5.1 KiB
Testing IAM-Runtime checks for Metal API
What's changed
In the Metal API, there's now the ability to run different authorization policy engines. We have two engines, the cancancan engine and the permissions API engine. We added the ability to run these both during the span of a request while explicitly naming one the source of truth for the ultimate authorization outcome.
What are we trying to get out of this test?
We want to start sending authorization checks through permissions API, but not break existing behavior. We need a way to validate our permissions checks through the runtime behave as we expect.
The firts barrier to making sure we're not breaking production is to run the combined policies for all CI test cases.
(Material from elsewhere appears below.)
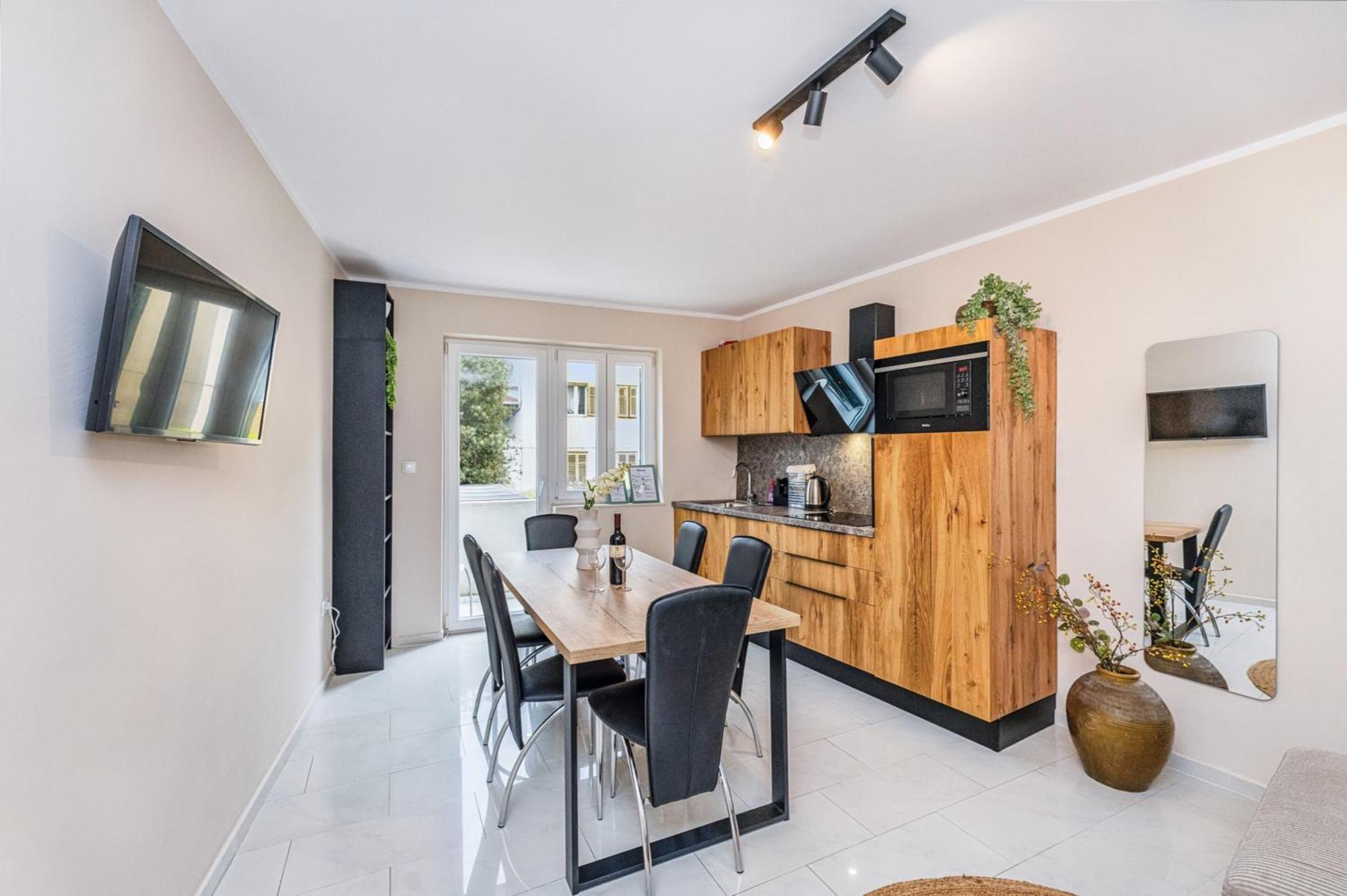 Samm Apartments Šibenik Exteriér fotografie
This proves for the tested code paths that we're at least able to serve requests.
This test plan deals with validating the policy definition and integration with Permissions API in production.
Stages of testing
There will be a few stages of rolling this out to careful since we're changing a fundamental piece of the architecture.
First, we'll run a smoke test suite against a canary which is separate from production traffic. Then, if the metrics look acceptable there, we'll roll this out to production, while keeping an eye specifically on latency and number of 403s. Then, we'll monitor for discrepancies between the models and address them. This will be a bulk of the testing time, as we'll need a long enough duration to receive an accurate sample size for operations customers perform. Finally, we can move over to only using the runtime for authorization decisions.
The next sections describe the test setup, what we'll monitor at each stage, and success criteria, and rollback procedure.
Initial Canary
In this setup, we'll have a separate ingress and deployment for the Metal API. This will allow us to exclusively route traffic to the backend configured to use the IAM runtime, while leaving production traffic using the cancan policy only.
The purpose of doing this is to try and find any hidden bugs that would cause an outage.
We'll test this by running the terraform CI tests against the canary image.
The success criteria for this step are:
- CI test passes
- CI test duration does not increase significantly compared to usual runtimes (canary CI runtime <= 150% normal runtime)
Typical CI tests uses API keys instead of an Identity API JWT, which would be necessary for a permissions API check, so I'll need to modify terraform to pull the credentials appropriately.
Rolling back here just involves cleaning up canary resources, and has no impact on customer experience.
Production Roll-out
In this setup, we'll set the appropriate configuratoin for all HTTP frontend pods. This will cause all requests to pass through both policy engines and start generating trace data.
The purpose of this stage is to start getting real production work passing through the permissions checks, but not yet starting to affect the result of a request.
The testing in this stage is just to see that the frontends are healthy, and that immediately serving a spike of 403s. The rest of the data will come from next stage of the test plan, Monitoring.
Rolling back here is restarting the API with `POLICY_ENGINE` unset, which defaults to only using cancancan.
Monitoring
The setup here is no different than the previous stage, but it is likely a bulk of the time, so I've separated it out. Here we'll be monitoring tracing data to look for differences in authorization decisions between the two engines.
The main failure we expect here is that the policy results differ, which means either our definition of the equivalent Metal API roles in Permissions API need to be updated, or potentially, that the logic that does the Metal API check is broken.
We can detect and I will create a HC dashboard to show authorization decisions that don't match, which can be due to the following reasons:
- Policies are different
- Computed incorrect tenant resource
- Couldn't resolve the tenant resource
We can then address those issues on a case-by-case basis
We're also interested in the overal latency impact:
- P95 Runtime Authorization check latency matches or is better than published Permission API latency
Completion criteria:
- 100% accuracy on runtime checks that have been performed
There's probably a better metric here for determining "completeness", but as a goal, driving discrepancies down toward 0, is a good indicator that we're ready to cut-over completely.
As we close the gap between the two models, we might decide that some error is tolerable.
Runtime is the source of truth
Once we're here, we're happy with how the policy model is performing,
we're ready to start using the runtime as the source of truth. This is
just a configuation change to set POLICY_ENGINE to prefer_runtime or
runtime_only.
Prefer runtime uses the runtime check where possible. We still need to address the staff authorizatoin model, so for that, we'll fall back to existing cancancan policies.
At this point, customers authenticating with an exchanged token will be served responses based on the permissions API policy.